I-70 speed limit won’t drop in Eagle Co.
Aspen, CO Colorado
EAGLE COUNTY ” Jerry Santoro has seen several of his former students die in car crashes in his 17 years as principal at Eagle Valley Middle School.
And his daughter, Jessie Santoro, was injured when she crashed this year on a stretch of Interstate 70 where the speed limit is 75 mph.
But even before his daughter’s crash, Santoro has said the speed limit on the interstate should be lowered from 75 to 65 mph.
“I’m not seeing the advantages of the speed limit being what it is,” he said. “I have seen the disadvantages.”
But a recent 100-page study on the interstate by traffic investigators from Denver concluded the speed limit is “realistic” and “justified” in Eagle County, said Jim Nall, traffic and safety engineer for the Colorado Department of Transportation.
“Most people are going to drive at a reasonable and prudent speed limit,” Nall said about the interstate in Eagle County.
The Eagle County Public Safety Council, a group of emergency services officials ” including firefighters and police ” requested the study earlier this year. The council has said a disproportionate number of deaths and injuries occur where people can drive 75.
Most crashes occur between Vail and Avon, where the speed limit is 60 and 65 mph, according to a recent Eagle County health study. However, between Edwards and Dotsero ” where the speed limit is 75 mph ” fatal crashes were twice as likely to occur, the study says, citing the period between 2000 and 2004.
The number of injuries and deaths that occur on the interstate in Eagle County is no higher than on similar highways, Nall said.
The exception to that is Vail Pass, which has a higher-than-normal instance of injuries and deaths compared to similar highways, Nall said.
“There’s really no highway that’s safe,” Nall said.
Jill Hunsaker, public health manager for Eagle County Health and Human services, said she stands behind the findings of Eagle County health study, which also recommended the speed limit be lowered to 65.
The faster a car is going, the greater the impact of a crash and the greater the chance for injury, she said.
In 1995, 24 states increased their 55-mile-per hour speed limits on highways. The number of people who died on the interstate the following year increased by 15 percent in those states, she said.

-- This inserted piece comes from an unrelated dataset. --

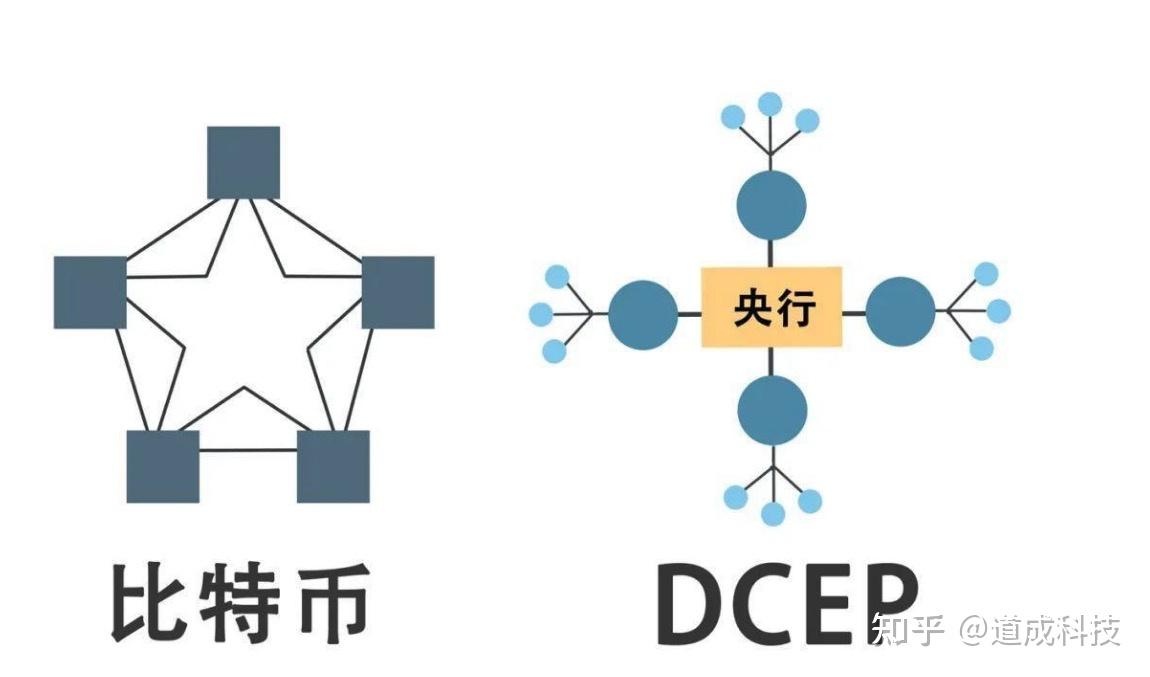 数字货币dcep-数字货币DCEP新动态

Her cruise control set to about 75 mph as she talked to a friend on her cell phone, Jessie Santoro was headed to Beaver Creek May 16 for a dress rehearsal for a dance.

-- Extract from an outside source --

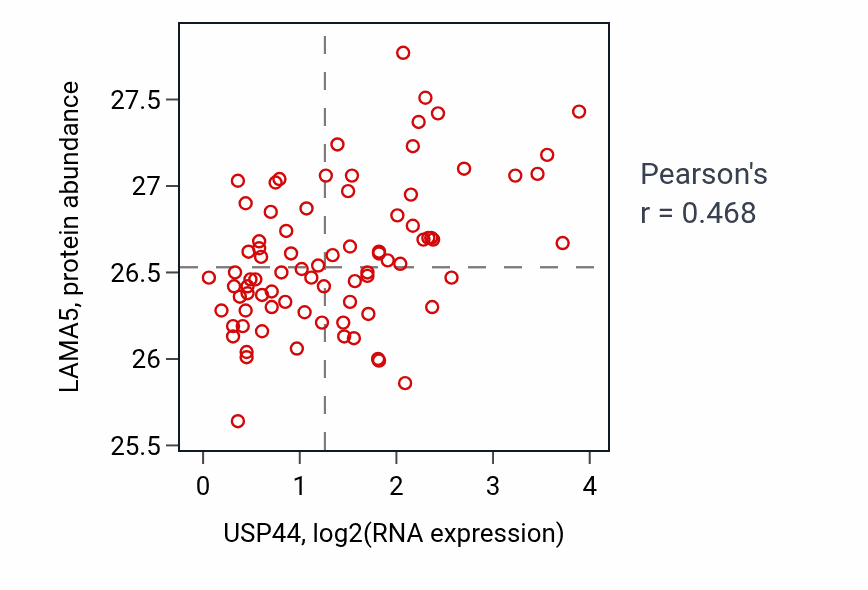 Per-sample scatter of USP44 vs LAMA5 in OV (Pearson r = 0.47).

Santoro, 16 at the time, doesn’t remember how she crashed, but a man who saw the crash driving west does, said Santoro’s mother, Robin Santoro.
“He thought (Jessie’s car) was going to come through his windshield,” Robin Santoro said.

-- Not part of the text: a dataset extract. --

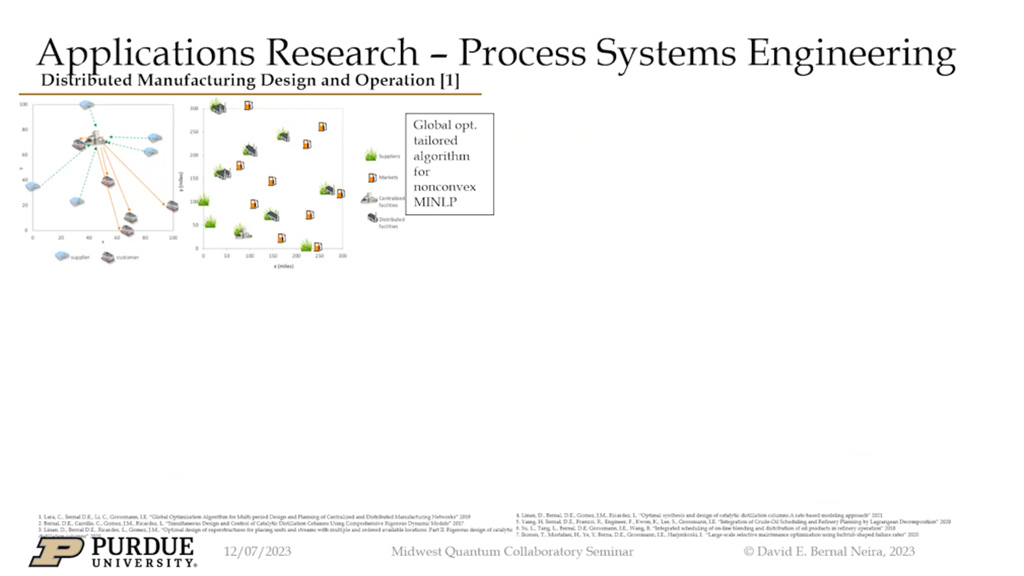 Applications Research – Process Systems Engineering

Santoro had rolled her car into the oncoming lanes. She was taken to Valley View Hospital in Glenwood Springs and was then flown to Swedish Medical Center in Denver, where she was admitted to the intensive care unit.
“We’re very grateful that’s she alive and doing as well as she is,” Jerry Santoro said.
Despite some lingering minor traumatic brain injury that causes her fatigue and headaches, Jessie Santoro is now giving talks to teenagers and adults about the importance of airbags, seat belts (which Santoro was wearing) and not talking on a cell phone or sending text messages while driving.
In a county where the No. 1 cause of teenagers’ deaths is car crashes, Jerry Santoro said he can’t see the benefit of being able to drive 75 besides making a commute from downvalley to Vail a bit faster, he said.
“You’re saving maybe five minutes, so what’s the point?” he said.